ArtılarAdamlarımızın değişik özellikleri var, araç sürebilme ya da havadan aşağı konma gibi oyun bölümleri var
EksilerTüre yeni birşey katmıyor, araç kontrolleri oldukça problemli, sabit yapay zeka
Nedir şu oyunlardaki özel tim üyelerinin çektikleri? Dünyanın dört bir
yanında cereyan eden, birbirinden zorlu ve tehlikeli operasyonlara katılır,
hayatlarını hiçe sayarlar. Üstelik yaptıkları herşey aynı. Bir elebaşını etkisiz
hale getirmek, tehlikeli bir girişime başlamak üzere olan terörist grubunu
durdumak, bombaları imha etmek ya da önemli bir kişiyi korumak gibi. Bu sanal
kahramanları bir araya toplayıp, “hayat nasıl gidiyor?” diye sorma imkanımız
olsaydı, hiçbirinden olumlu bir yanıt alamazdık muhtemelen. Special Forces:
Nemesis Strike’da da başrolde iki adamımız var, takdir edersiniz ki işleri yine
başlarından aşkın.
Ya saldır, ya gizlen
Nemesis Strike, bizi yukarıda bahsettiğimiz türden zorlu görevler ile haşır
neşir ediyor. Alışılagelmiş yok etme, etkisiz hale getirme, koruma ve gizlilik
öğeli görevler aynen burada da karşımıza çıkıyor. Kontrol etmekte olduğumuz iki
karakter var, her görevde bunlardan birisini yönetiyoruz. Bunlardan ilki Raptor.
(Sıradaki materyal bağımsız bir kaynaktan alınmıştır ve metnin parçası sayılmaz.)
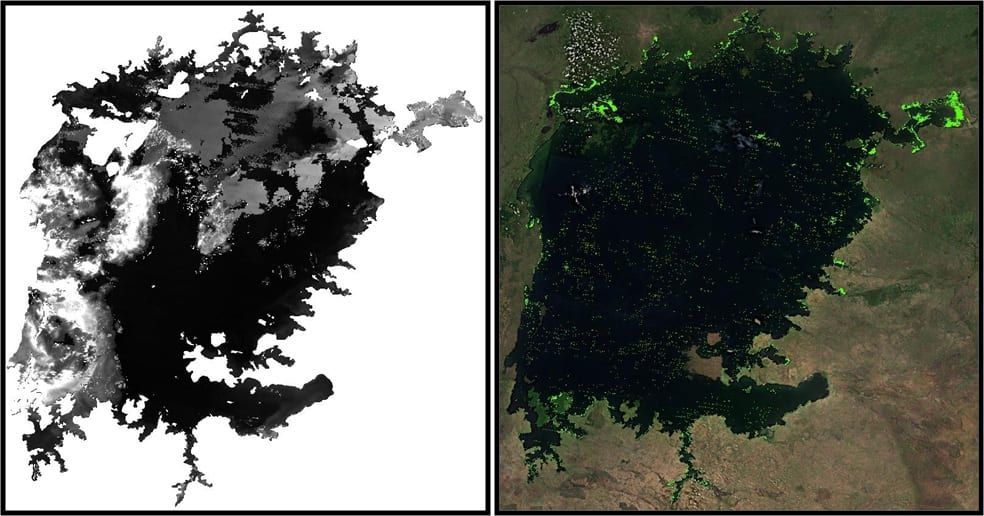 Moderate Resolution Imaging Spectroradiometer (MODIS) imagery depicting Lake Victoria normalized difference vegetation index (NDVI) extraction before (left) and after (right). The left shows an unprocessed satellite image, while the NDVI image is shown on the right, depicting aquatic vegetation in green. Bright green areas indicate dense aquatic vegetation. Source: USGS.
Kendisi asi çocuk modunda ve düşmanlara genelde “Saldım çayıra” diyerekten,
bulduğu silahla dalmayı tercih ediyor. Buna paralel olarak, ağır silahlar ve
bombalar taşıyor. Aksiyonun doruk noktasına tırmandığı bölümler, genelde
Raptor’u kontrol ettiğimiz bölümler oluyor. Diğer karakterimiz ise Owl. Kendisi
daha bir teçhizatlı ve karizmatik takılıyor. Görevlerde gizliliği ön planda
tutuyor ve buna uygun davranıyor. Birbirinden farklı görüş mod’ları var, ayrıca
kamuflaj özelliği sayesinde kendisini daha da gizli tutabiliyor. Kullandığı
silahlarda da genelde susturucu var. Onun bulunduğu bölümlerde, sessiz ve
derinden hareket etmek, çoğu zaman hayatınızı kurtarabiliyor.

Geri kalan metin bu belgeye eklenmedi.